Records from a collection
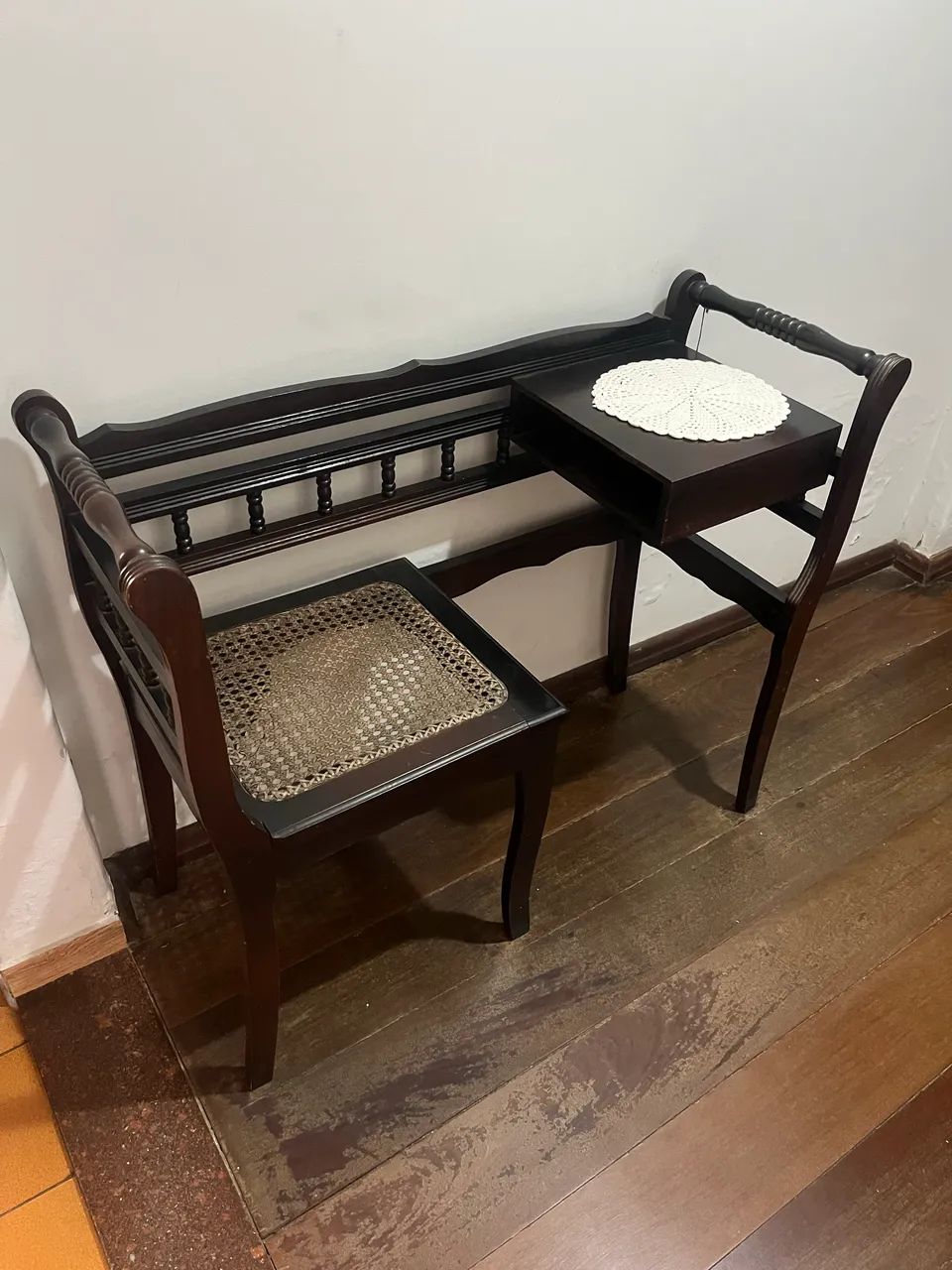 Cadeira com mesa integrada estilo colonial 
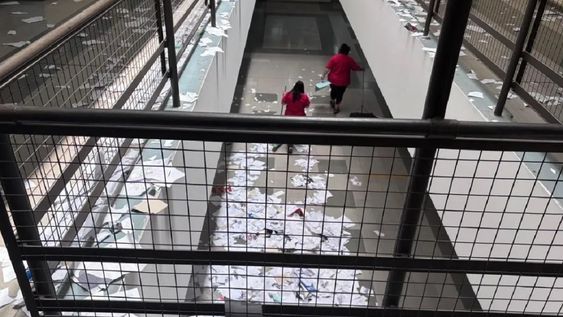 Daños y desmanes en el colegio Santa María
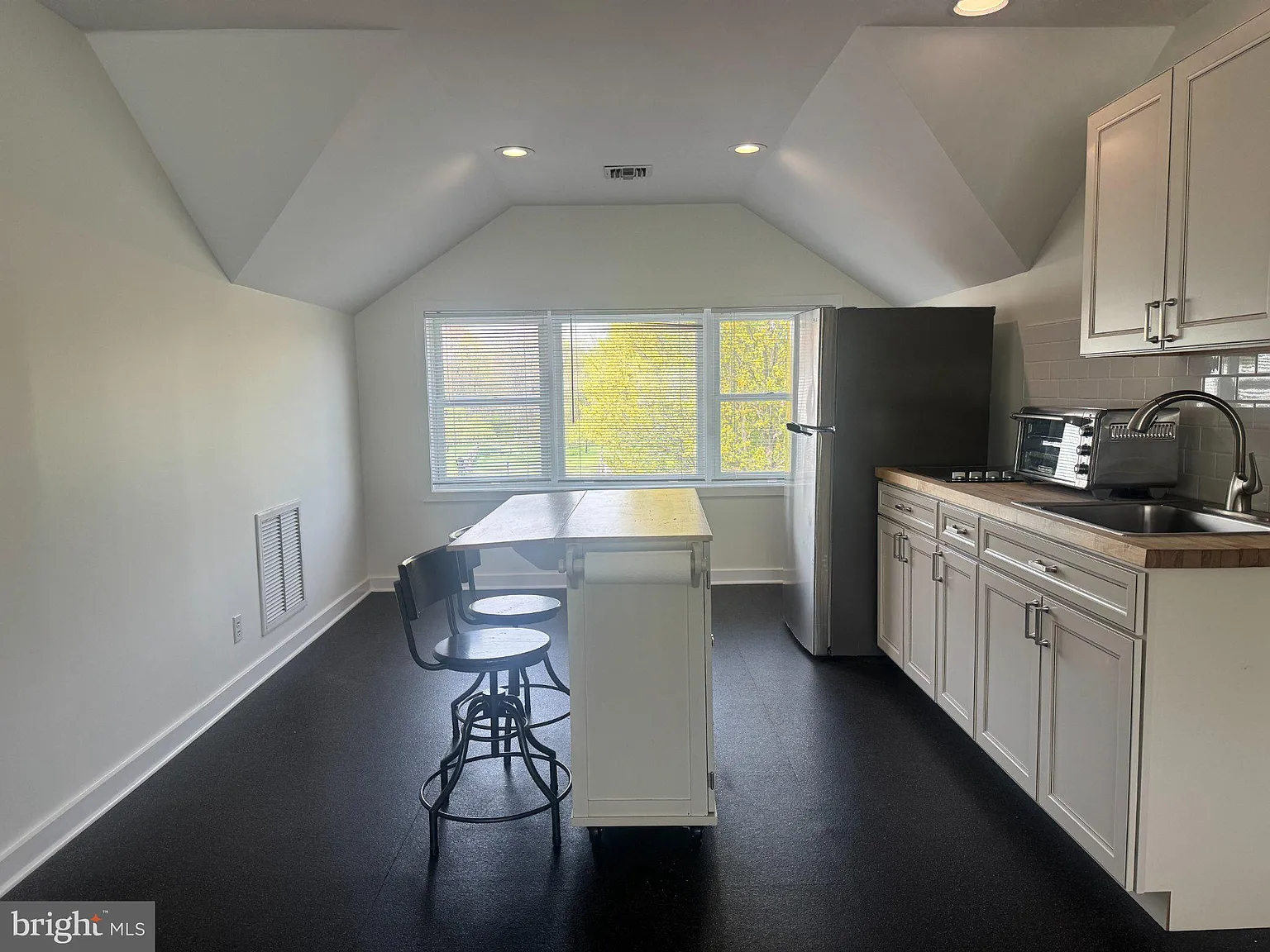 2 bed, 1.0 bath, 700 sqft, $1,600 — Photo 4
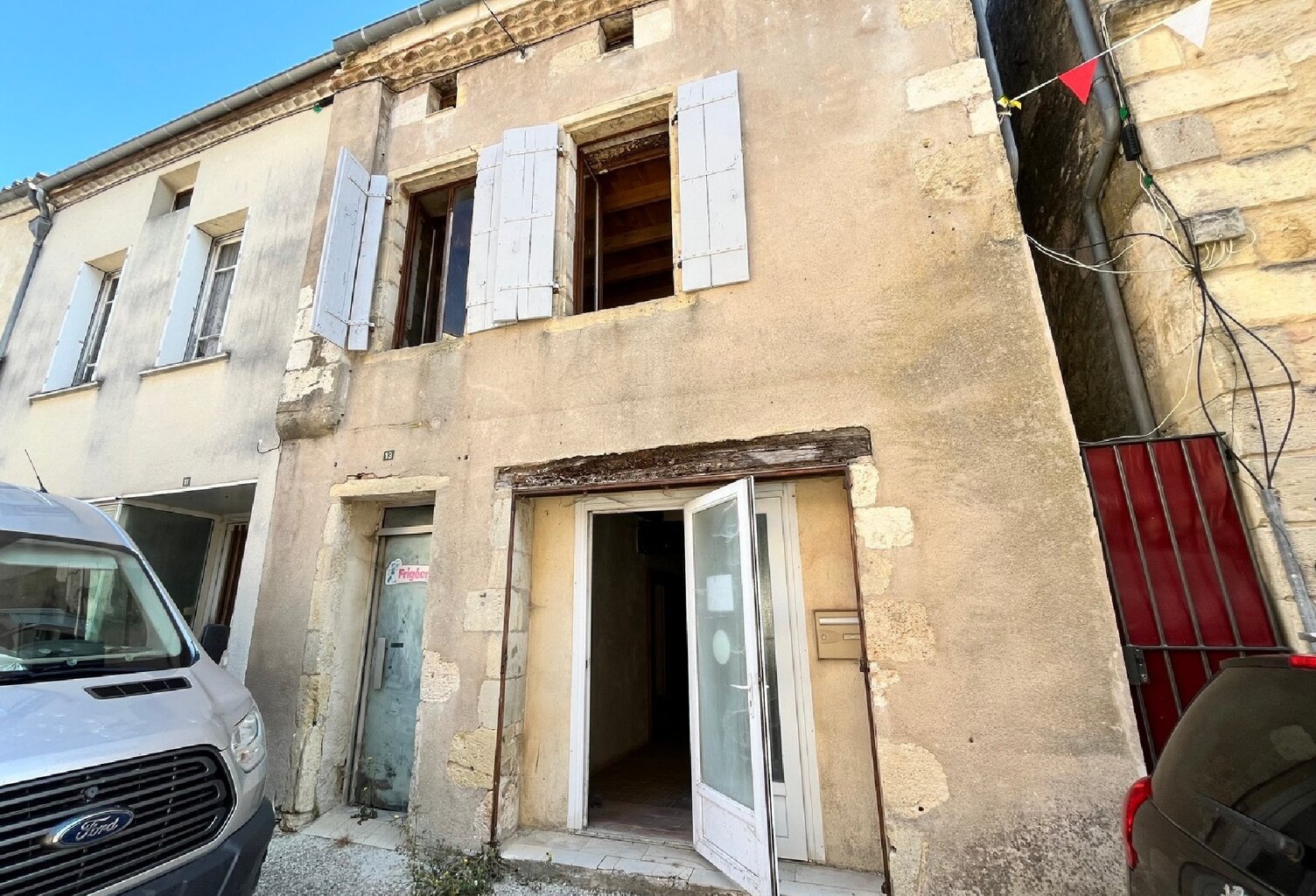 Immeuble au cœur de Duras  Multiples projets possibles — photo 1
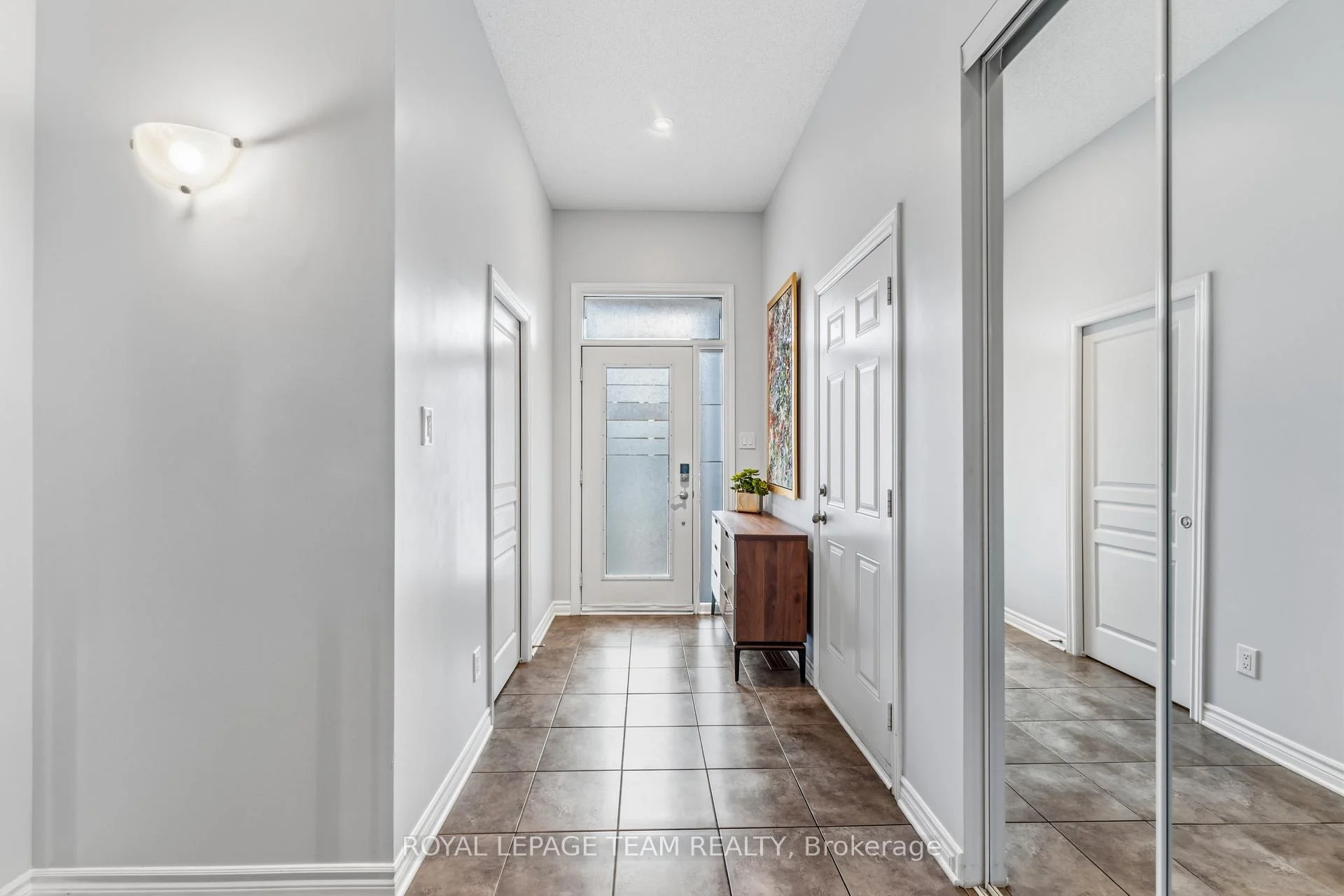 Photo 8 of 152 Mattingly Way, Ottawa, Riverside South/Gloucester Glen — HOMEH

WHAT TO WORK ON>
Restate the entries above word for word, and keep the pictures out.

EXERCISE ANSWER>
 Cadeira com mesa integrada estilo colonial 
 Daños y desmanes en el colegio Santa María
 2 bed, 1.0 bath, 700 sqft, $1,600 — Photo 4
 Immeuble au cœur de Duras  Multiples projets possibles — photo 1
 Photo 8 of 152 Mattingly Way, Ottawa, Riverside South/Gloucester Glen — HOMEH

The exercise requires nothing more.